Le sujet est d'autant plus délicat que le fameux récif a une importance stratégique pour les États-Unis: la Chine pourrait dès lors disposer d'installations à seulement 230 kilomètres de l'île philippine de Luzon, où les forces américaines opèrent sur une base régulière.

«Nous pourrions nous retrouver avec une confrontation physique entre les garde-côtes chinois et des bateaux philippins soutenus par la marine américaine», décrypte Carl Thayer, de l'université australienne de New South Wales, interrogé par l'AFP.

Le gouvernement philippin a choisi de porter ces accusations juste avant une discussion entre les dirigeants de l'Association des pays d'Asie du Sud-Est (Asean) et le Premier ministre chinois Li Keqiang au cours de ce sommet organisé cette année au Laos.

Les responsables chinois interrogés mercredi ont démenti toute construction sur ce récif dont leur pays a pris le contrôle en 2012 après un conflit avec la marine philippine.

Cette affaire vient rappeler à quel point la politique offensive de Pékin en mer de Chine empoisonne les sommets régionaux et jusqu'au récent G20 organisé en Chine.

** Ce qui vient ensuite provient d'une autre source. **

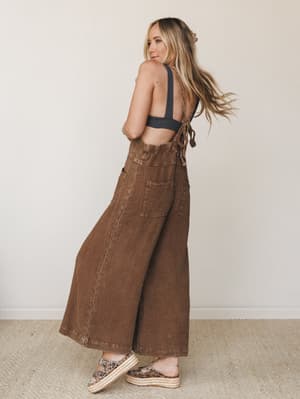 Shot from behind with a glance-back moment, this model wears wide-leg chocolate brown overalls in a textured woven fabric, styled open-back with tie straps over a dark sports bra — easy, earthy, and a little unexpected.
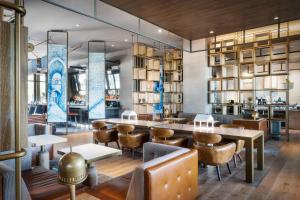门洛帕克尼亚傲途格精选酒店的一间带长桌和椅子的餐厅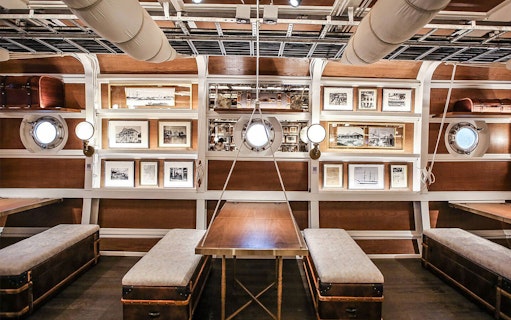 Interior of Sirimahannop Dinner Cruise at Asiatique The Riverfront, featuring nautical decor and framed photos.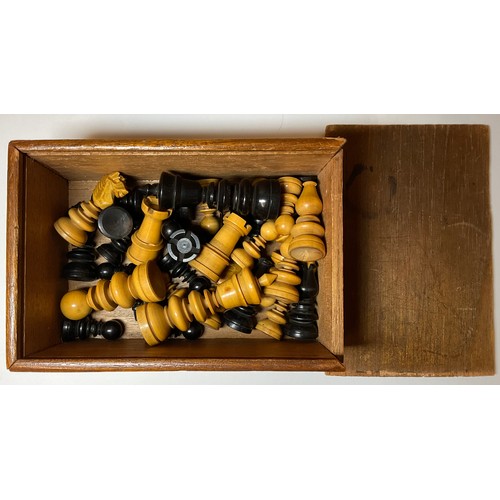 3007 - A boxwood and ebonised St George pattern chess set, the Kings 7cm high, mahogany box with sliding co... 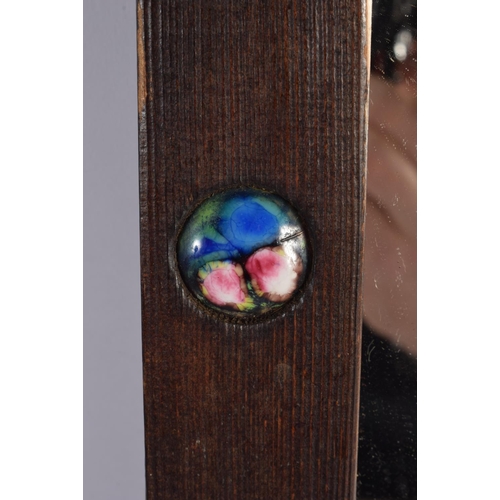 409 - A VERY SIMILAR EARLY 20TH CENTURY CARVED WOOD AND ENAMEL MIRROR inset with numerous roundels. 42 cm ...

La militarisation croissante par les Chinois de récifs transformés en îles artificielles et un récent arbitrage à La Haye déniant à la Chine tous droits historiques sur la région ont contribué à aviver les tensions. 

«Paix régionale»

Pourtant, les signes officiellement envoyés mercredi par Pékin allaient dans le sens de l'apaisement.

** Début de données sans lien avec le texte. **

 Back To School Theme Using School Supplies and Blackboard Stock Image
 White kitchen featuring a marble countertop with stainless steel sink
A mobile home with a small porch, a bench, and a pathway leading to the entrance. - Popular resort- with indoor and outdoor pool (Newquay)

«La Chine considèrera toujours l'Asean comme une puissance importante pour la préservation de la paix régionale», a ainsi assuré Li Keqiang dans un discours devant ses homologues à Vientiane, sans une allusion au conflit maritime avec ses voisins.

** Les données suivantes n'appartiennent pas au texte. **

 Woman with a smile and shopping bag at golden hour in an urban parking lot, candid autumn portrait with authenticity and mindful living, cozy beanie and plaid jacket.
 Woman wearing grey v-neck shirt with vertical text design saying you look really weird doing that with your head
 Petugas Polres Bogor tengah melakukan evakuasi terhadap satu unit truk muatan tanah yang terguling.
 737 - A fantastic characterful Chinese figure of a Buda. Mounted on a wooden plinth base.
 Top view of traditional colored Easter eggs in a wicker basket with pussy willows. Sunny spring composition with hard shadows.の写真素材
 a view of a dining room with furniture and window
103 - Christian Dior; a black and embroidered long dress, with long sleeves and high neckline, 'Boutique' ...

Pékin considère comme relevant de sa souveraineté la quasi-totalité de la mer de Chine du Sud, objet de prétentions territoriales concurrentes des Philippines, du Vietnam, de la Malaisie et de Brunei, tous membres de l'Asean.

Mais cette organisation régionale peine à définir une position commune face à Pékin sur ce dossier, certains de ses membres redoutant de déplaire au grand voisin chinois.

Le premier ministre japonais Shinzo Abe a osé exprimé mercredi sa «grande inquiétude» face aux agissements de la Chine, qu'il a enjointe de respecter la décision de La Haye.

Il participera jeudi aux discussions à Vientiane, où se déroulera le sommet de l'Asie orientale qui inclut les grandes puissances régionales (États-Unis, Chine, Japon, Corée du Sud, Australie, Russie).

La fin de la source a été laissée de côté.